WHAT IS BEING ASKED: Task for the records below: copy exactly from the first line on, stopping once the line with "Ladies Bucket Bag Faux Fur Tote Bag-Showtown" is copied, and leave out the pictures.

—————

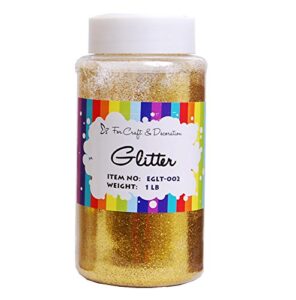 craft and party, 1 pound bottled craft glitter for craft and decoration (gold)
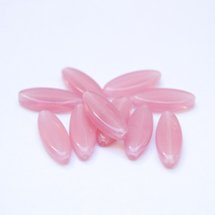 Pink Opalino Petal Pointed Oval Spindle 16x6mm Czech Glass Bead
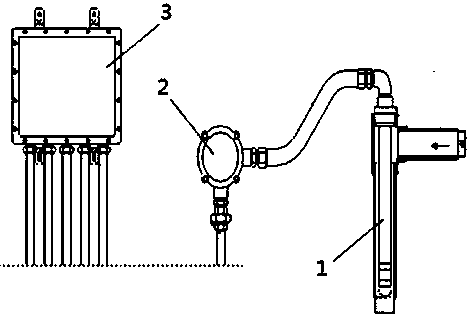 Online direct measurement device of wellhead crude oil water content on basis of radio frequency method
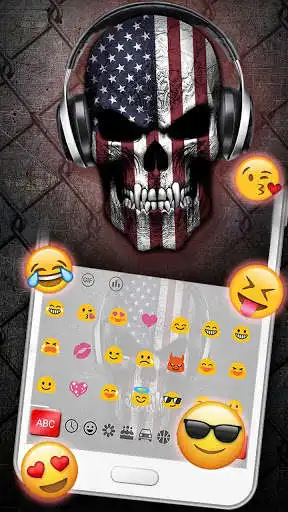 Play APK American DJ Skull Keyboard  and enjoy American DJ Skull Keyboard with UptoPlay keyboard.theme.american.dj.skull.cool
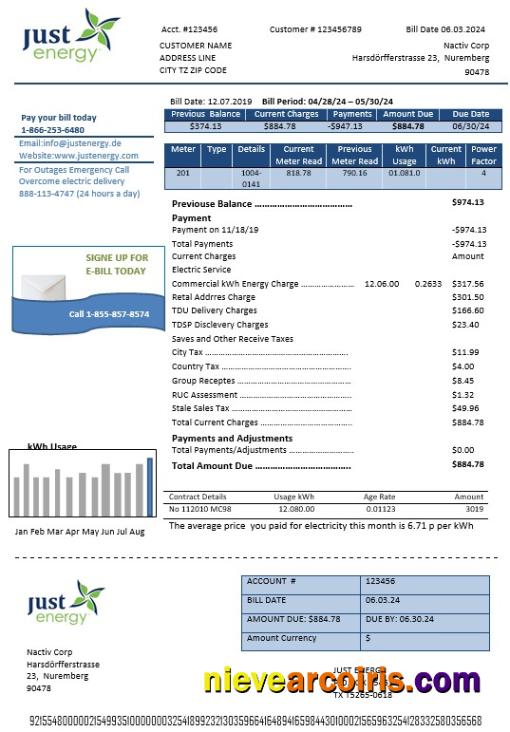 Premium Germany Just Energy Business Utility Bill Template In Word And PDF Formats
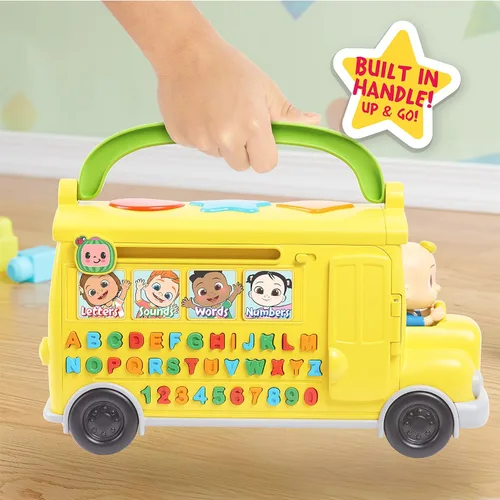 Vista 5 de CoComelon Musical Learning Bus, Number and Letter Recognition, Phonetics, Yellow School Bus Toy Plays ABCs and Wheels on the Bus, by Just Play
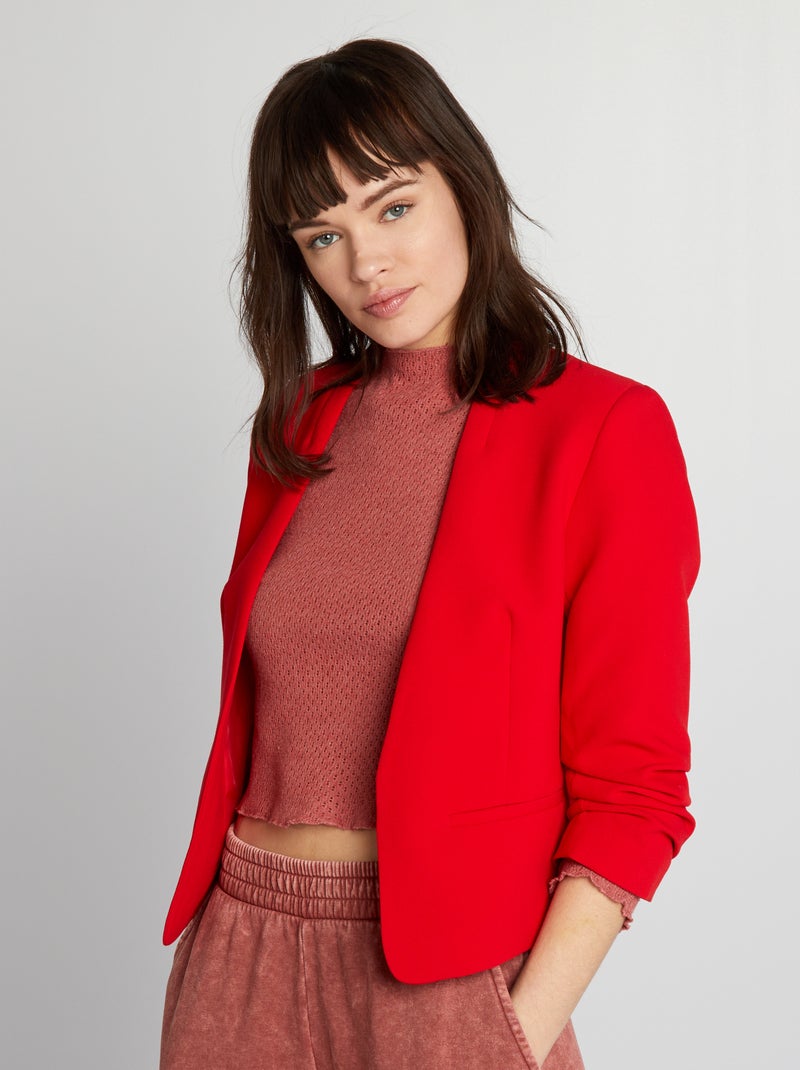 Veste courte type blazer rouge - Kiabi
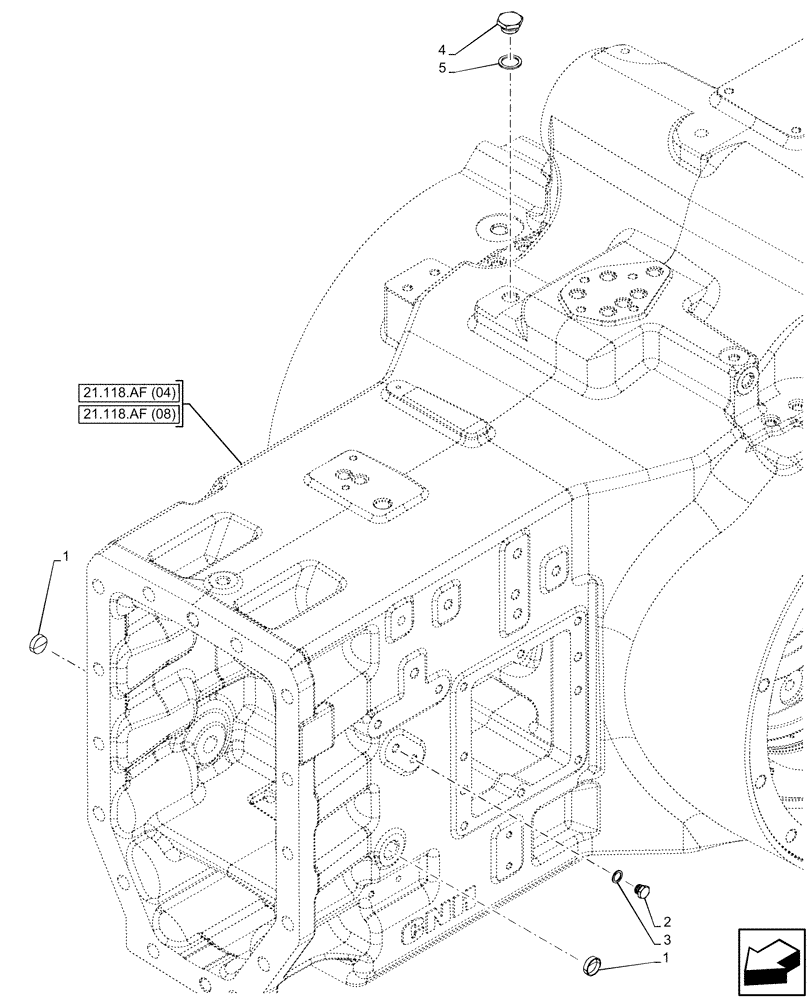 Схема запчастей Case IH PUMA 200 CVT - (21.118.AF[11]) - VAR - 337426, 337427, 337428, 337429, 337430, 337431, 337432, 337433, 338397, 391137, 391138, 758017, 758018, 758019, 758020, 758021, 758022, 758870, 759052, 759052, 759053 - TRANSMISSION HOUSING, P
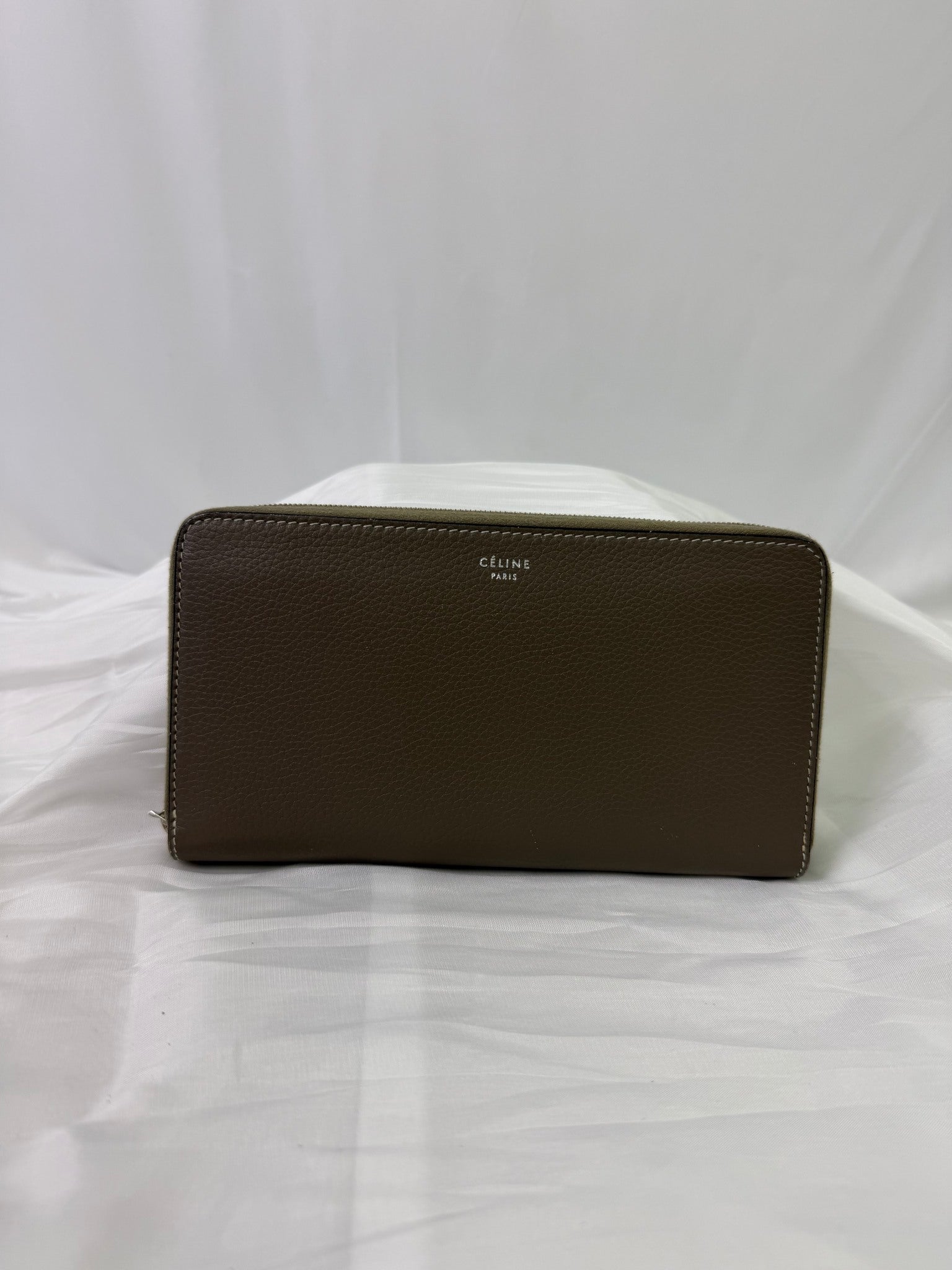 Celine Taupe Leather Long Zippy Wallet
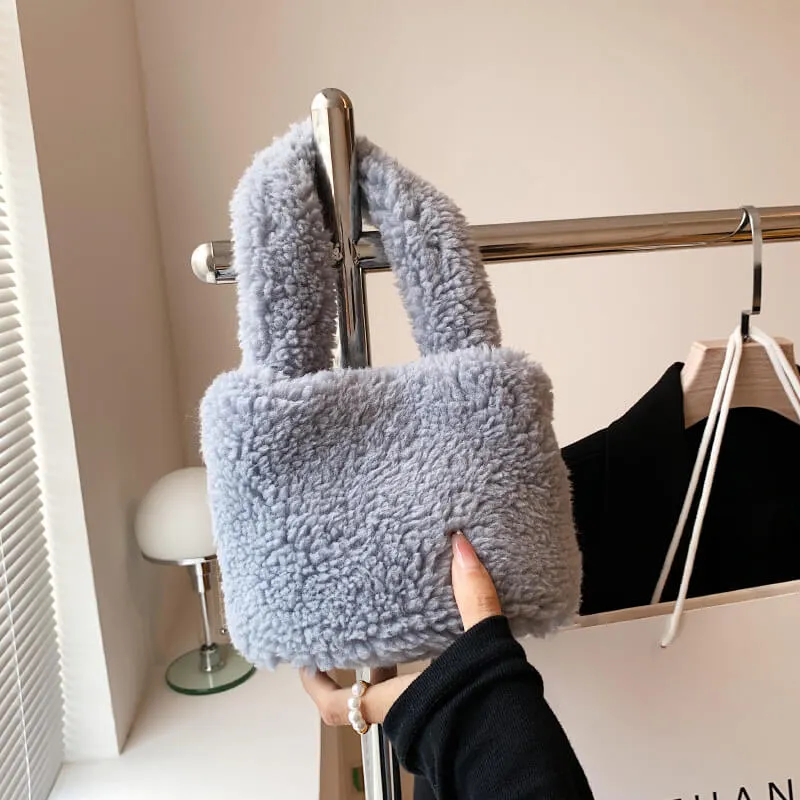 Ladies Bucket Bag Faux Fur Tote Bag-Showtown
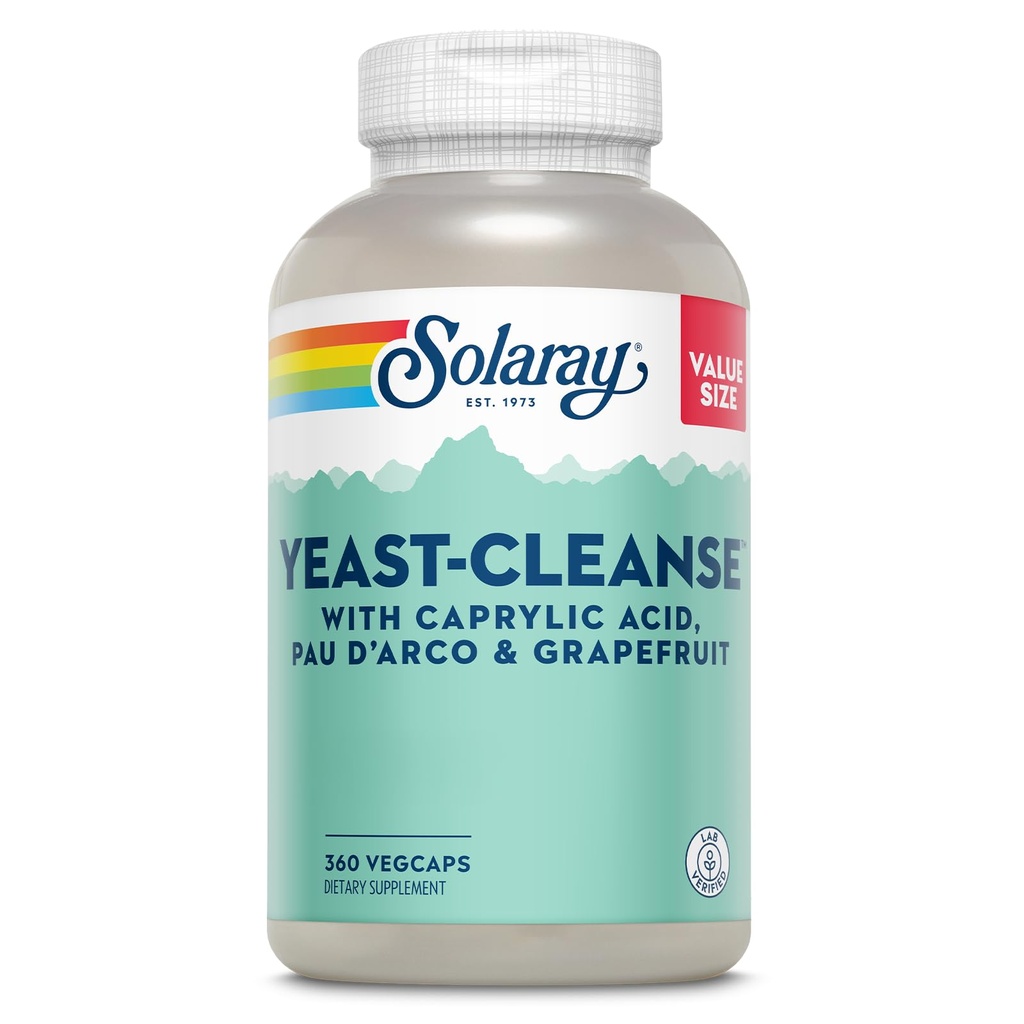 SOLARAY Yeast Cleanse, Antioxidant Support with Caprylic Acid, PAU d'Arco, Licorice Root Extract and Grapefruit Seed Extract, 60-Day Guarantee, 60-Day Guarantee, 60 Servings, 360 VegCaps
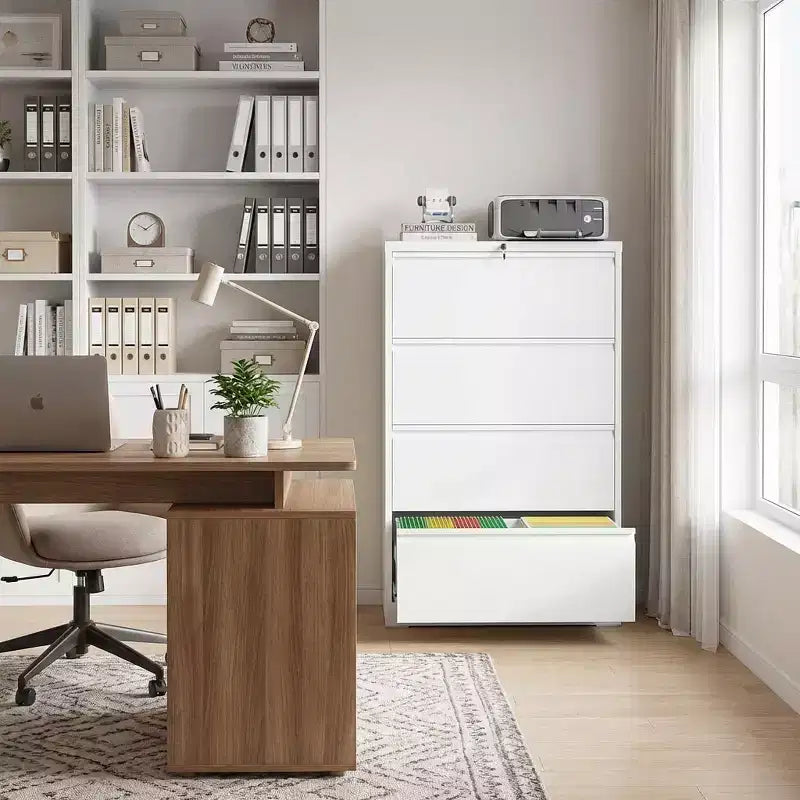 VIYET 52H Classeur latéral à 4 tiroirs avec serrure, armoire de classement métallique verrouillable blanche pour le bureau à domicile, convient aux documents de format légal/lettre/A4/F4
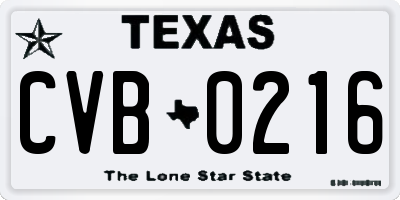 TX license plate CVB0216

—————

RESULT FOR THIS TASK:
 craft and party, 1 pound bottled craft glitter for craft and decoration (gold)
 Pink Opalino Petal Pointed Oval Spindle 16x6mm Czech Glass Bead
 Online direct measurement device of wellhead crude oil water content on basis of radio frequency method
 Play APK American DJ Skull Keyboard  and enjoy American DJ Skull Keyboard with UptoPlay keyboard.theme.american.dj.skull.cool
 Premium Germany Just Energy Business Utility Bill Template In Word And PDF Formats
 Vista 5 de CoComelon Musical Learning Bus, Number and Letter Recognition, Phonetics, Yellow School Bus Toy Plays ABCs and Wheels on the Bus, by Just Play
 Veste courte type blazer rouge - Kiabi
 Схема запчастей Case IH PUMA 200 CVT - (21.118.AF[11]) - VAR - 337426, 337427, 337428, 337429, 337430, 337431, 337432, 337433, 338397, 391137, 391138, 758017, 758018, 758019, 758020, 758021, 758022, 758870, 759052, 759052, 759053 - TRANSMISSION HOUSING, P
 Celine Taupe Leather Long Zippy Wallet
 Ladies Bucket Bag Faux Fur Tote Bag-Showtown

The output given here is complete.